In Spiritual Depression:  Its Causes and Cure a collection of sermons by Dr. Martyn Lloyd-Jones, a chapter is given to Fear of the Future.  Dr. Lloyd-Jones expounds on the text 2 Timothy 1:7 “For God hath not given us the spirit of fear; but of power, and of love, and of a sound mind.”


“And as I understand it, the big thing that Paul is saying in effect to Timothy is:  ‘Timothy, you seem to be thinking about yourself and about life and all you have to do as if you were still an ordinary person.  But, Timothy, you are not an ordinary person!  You are a Christian, you are born again, the Spirit of God is in you… God has not given us the spirit of fear.  He hath given us the Spirit of power.’  So do not think of your own weakness; think of the power of the Spirit of God.”  Lloyd-Jones


Next, Lloyd-Jones asks, Why love?  “For what after all, is the main cause of this spirit of fear?  The answer is ‘self’ –self-love, self-concern, self-protection… There is only one way to get rid of self, and that is that you should become so absorbed in someone or something else that you have no time to think about yourself.

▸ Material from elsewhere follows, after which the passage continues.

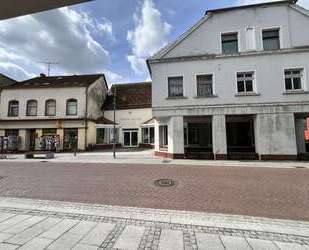Haus zum Kaufen in Ueckermünde 350.000,00 € 213 m²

Thank God, the Spirit of God makes that possible.  He is not only ‘the spirit of power’, but He is also ‘the spirit of love’.  What does it mean?  It means love to God, love to the great God who made us.”  Then, love of others.


Lastly, he’s given us the spirit of wisdom and a sound mind.  “He will tell you what to do, He will tell you what to say, He will if necessary, restrain you.  We are not living on ourselves.  We must not think of ourselves as ordinary people.  We are not natural men; we are born again.  God has given His Holy Spirit, and He is the spirit ‘of power and of love and of a sound mind’.” Lloyd-Jones

The Spirit of God is in me.  A Spirit of love and of power and of sound mind.  I do not have to fear the future.  I just have to remember.  That will be my focus as I join the community of OneWord365 this year.

Do you have a focus God is impressing on your heart this year?

You Can’t Have One Without The Other

For the first 25 years of my life, I was given “Moses.” I’ve never really liked to be told what to do. The rules made me angry. I couldn’t live up to them or follow them. I rebelled, fought, couldn’t submit and was enraged by the law.

In my mid 20s, I was given Jesus, and the difference was freedom.

Those years were not useless. If it weren’t for the law, I wouldn’t have known my need to be set free. If I didn’t know my inability to follow the law, I wouldn’t have been looking for the one who fulfilled it.

In thinking about my freedom this morning, I keep thinking about these verses… But God, being rich in mercy, because of the great love with which he loved us, even when we were dead in our trespasses, made us alive together with Christ— by grace you have been saved— and raised us up with him and seated us with him in the heavenly places in Christ Jesus, so that in the coming ages he might show the immeasurable riches of his grace in kindness toward us in Christ Jesus. For by grace you have been saved through faith. And this is not your own doing; it is the gift of God, not a result of works, so that no one may boast. (Ephesians 2:4-9)

He did it for us. We can’t be good enough.

John Stott says, “Some try to go to Jesus without first meeting Moses. They want to skip the Old Testament, to inherit the promise of justification in Christ without the prior pain of condemnation by the law. We need the law to lift off the lid of our respectability and disclose what we are really like underneath — sinful, rebellious, guilty, under the judgement of God and helpless to save ourselves. Not until the law has humbled us even to hell will we turn to the gospel to raise us to heaven.

There are some, however, who go to Moses and the law to be condemned and stay in this unhappy bondage. They are still living in the Old Testament. Their religion is a grievous yoke, hard to be borne. They have never gone to Christ to be set free.”

Stott describes two responses to God’s law and follows up with the question:

Which one tends to describe your life?